*** Block opens ***

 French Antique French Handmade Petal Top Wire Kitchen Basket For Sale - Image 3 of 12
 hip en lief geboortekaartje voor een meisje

*** Block closes ***
*** Block opens ***

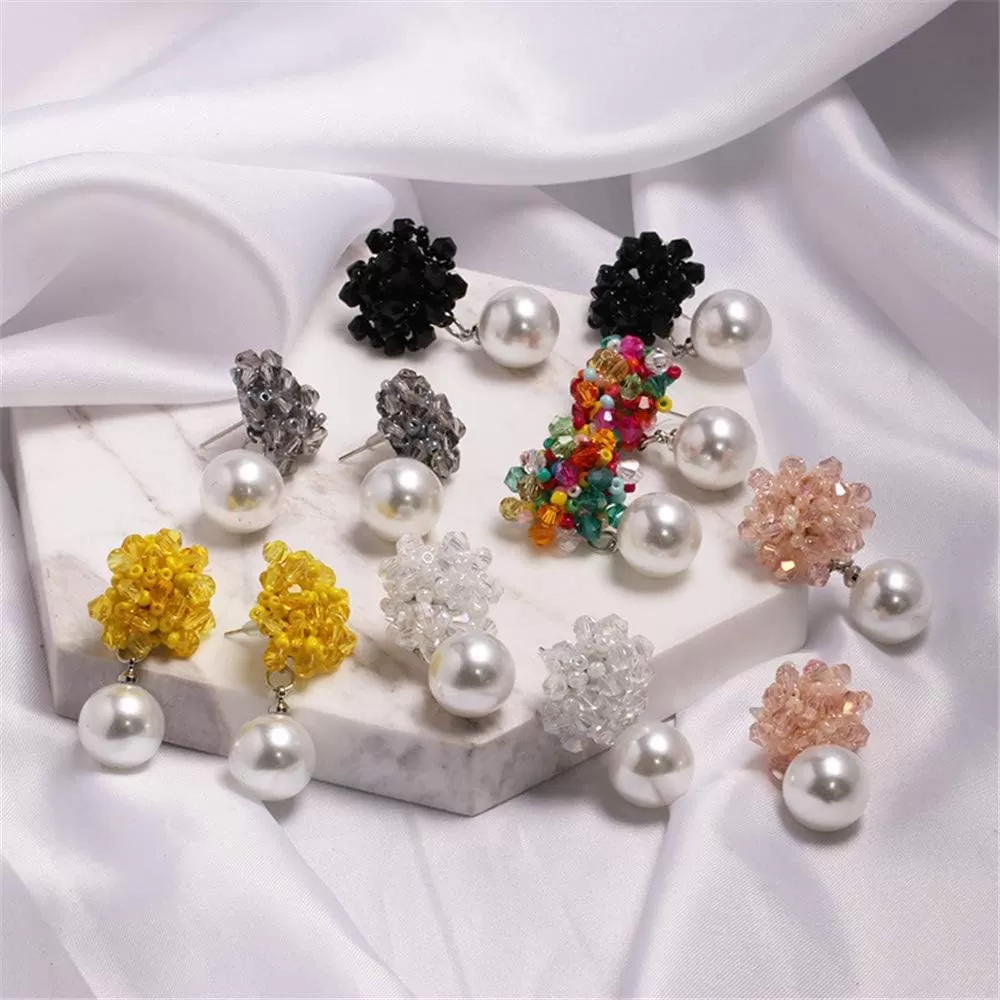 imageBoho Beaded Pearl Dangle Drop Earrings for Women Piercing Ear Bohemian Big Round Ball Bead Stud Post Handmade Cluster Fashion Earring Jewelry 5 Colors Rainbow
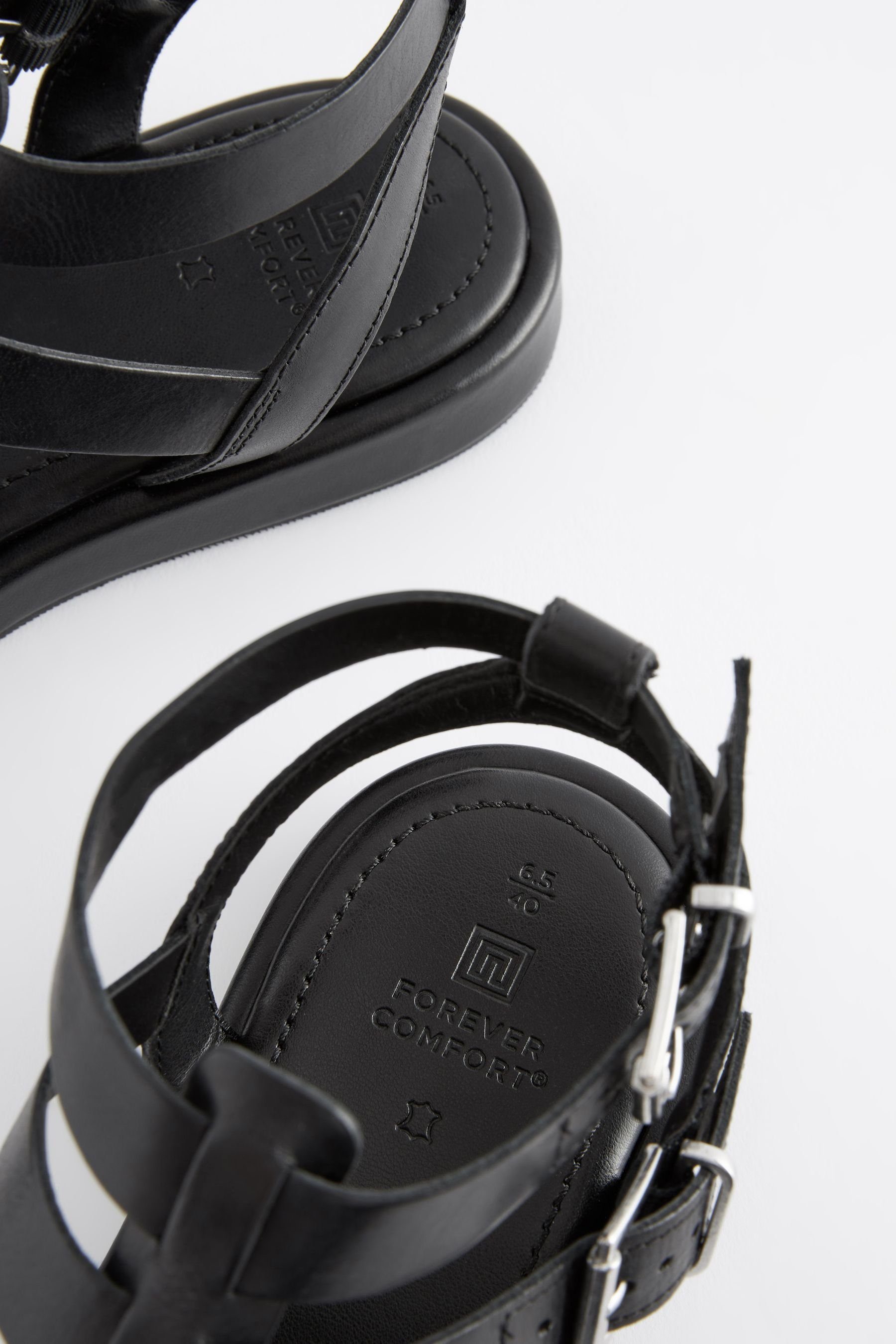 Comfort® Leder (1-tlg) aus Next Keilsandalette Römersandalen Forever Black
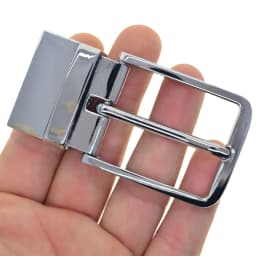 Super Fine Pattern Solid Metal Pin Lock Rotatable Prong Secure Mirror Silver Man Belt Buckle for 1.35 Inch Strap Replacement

*** Block closes ***

▶ **PROBLEM DETAILS**
Starting at the line above that holds "Comfort® Leder (1-tlg)", repeat every line exactly down to and including the line that holds "Super Fine Pattern", then stop. Do not carry over any pictures.

▶ **RESPONSE TO THE EXERCISE**
 Comfort® Leder (1-tlg) aus Next Keilsandalette Römersandalen Forever Black
 Super Fine Pattern Solid Metal Pin Lock Rotatable Prong Secure Mirror Silver Man Belt Buckle for 1.35 Inch Strap Replacement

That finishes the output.